**WHAT IS REQUIRED**
Give again, word for word, the line holding "Etta 100cm 4-6" and every line after it through the end of the data below. Omit pictures.
(Beginning of DATASET ENTRIES)
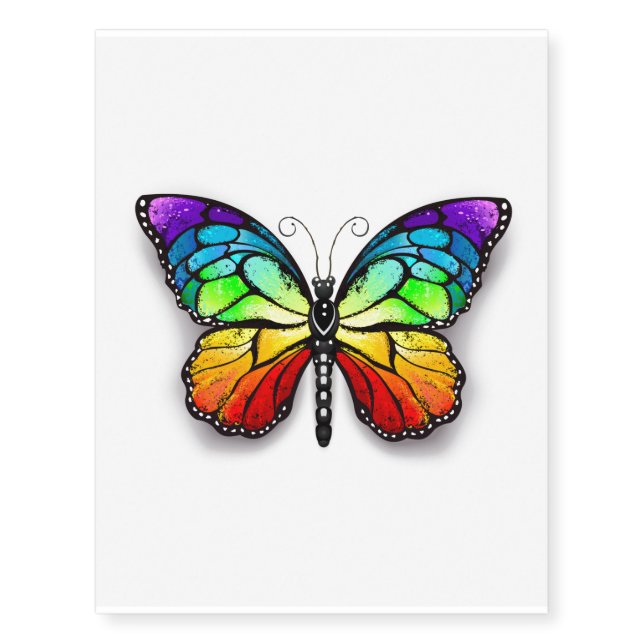 Rainbow butterfly Monarch Temporary Tattoos (Front)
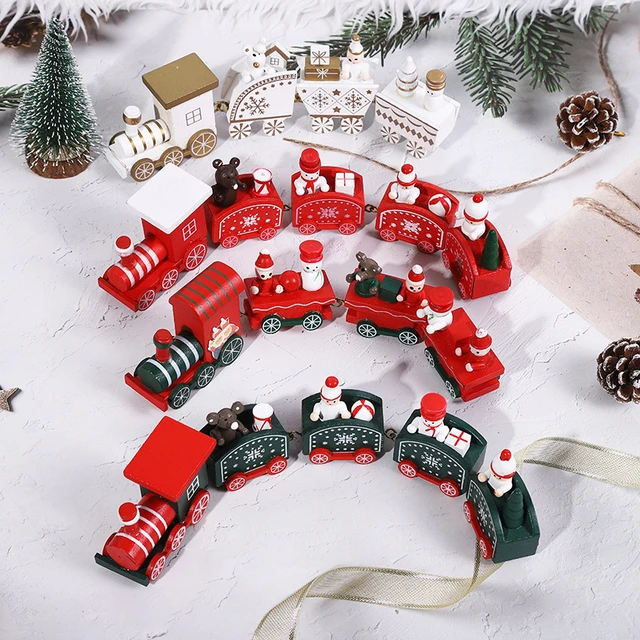 Enfeites de mini trem de madeira, conjunto de trem de Natal Trem de Natal  pintado de madeira Decoração de Natal Presente infantil, Decorações de  Natal Decoração de trem de madeira para(vermelho)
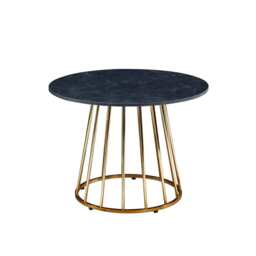 Etta 100cm 4-6 people Round Pedestal Dining Table, Black+Gold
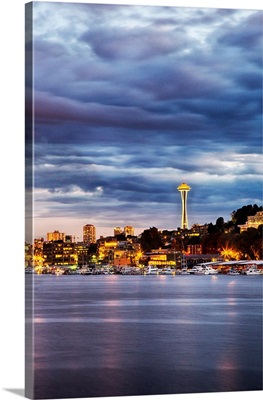 USA, Washington, Seattle Evening Light As Viewed From Lake Union With The Space Needle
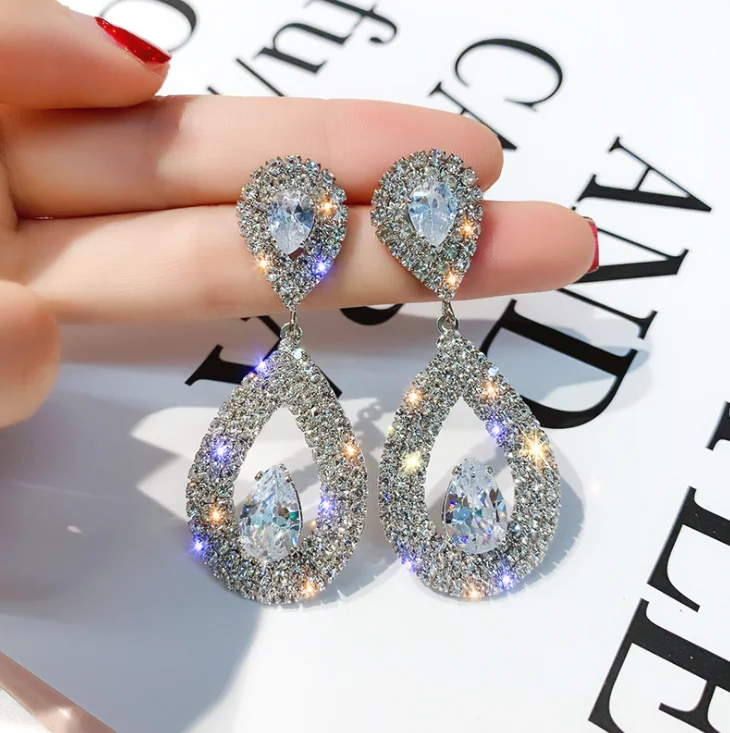 

925 silver new design flashing exaggerated rhinestone double drop shape earrings women, Multi color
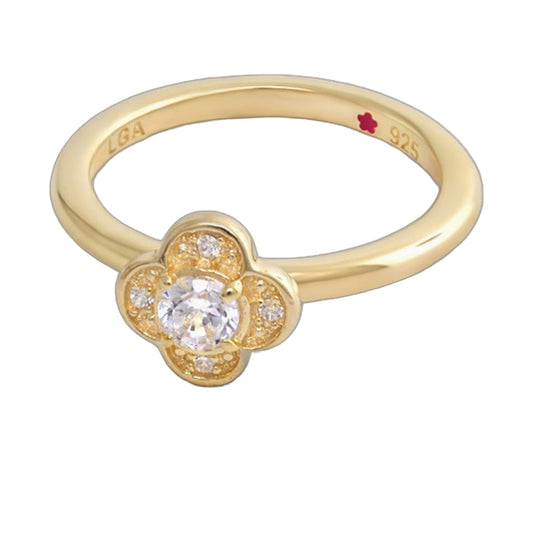 Layers of Love Pavé Clover stackable ring by Lauren G Adams in gold with pavé diamonds on Tampa Home & Garden Store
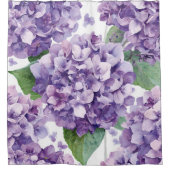 パープル アジサイ 水彩 花 ラベンダー 開花 シャワーカーテン (正面)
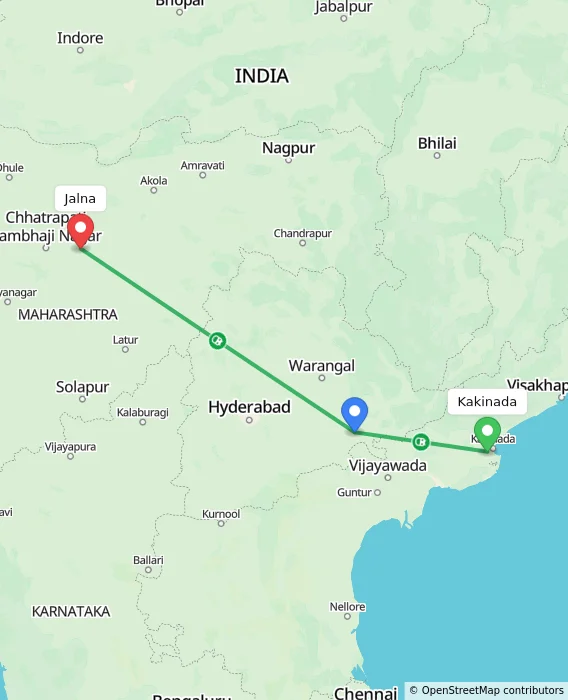 Route map showing distance and travel time from Kakinada, India to Jalna, India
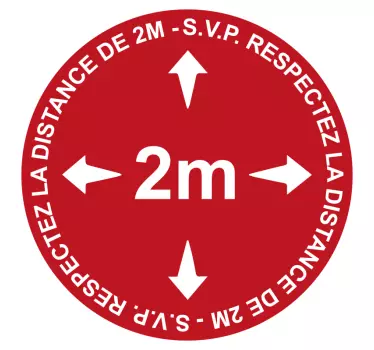 Sticker de Sol Garder une distance de 2m - TenStickers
(End of DATASET ENTRIES)
**RESPONSE BELOW**
 Etta 100cm 4-6 people Round Pedestal Dining Table, Black+Gold
 USA, Washington, Seattle Evening Light As Viewed From Lake Union With The Space Needle

925 silver new design flashing exaggerated rhinestone double drop shape earrings women, Multi color
 Layers of Love Pavé Clover stackable ring by Lauren G Adams in gold with pavé diamonds on Tampa Home & Garden Store
 パープル アジサイ 水彩 花 ラベンダー 開花 シャワーカーテン (正面)
 Route map showing distance and travel time from Kakinada, India to Jalna, India
 Sticker de Sol Garder une distance de 2m - TenStickers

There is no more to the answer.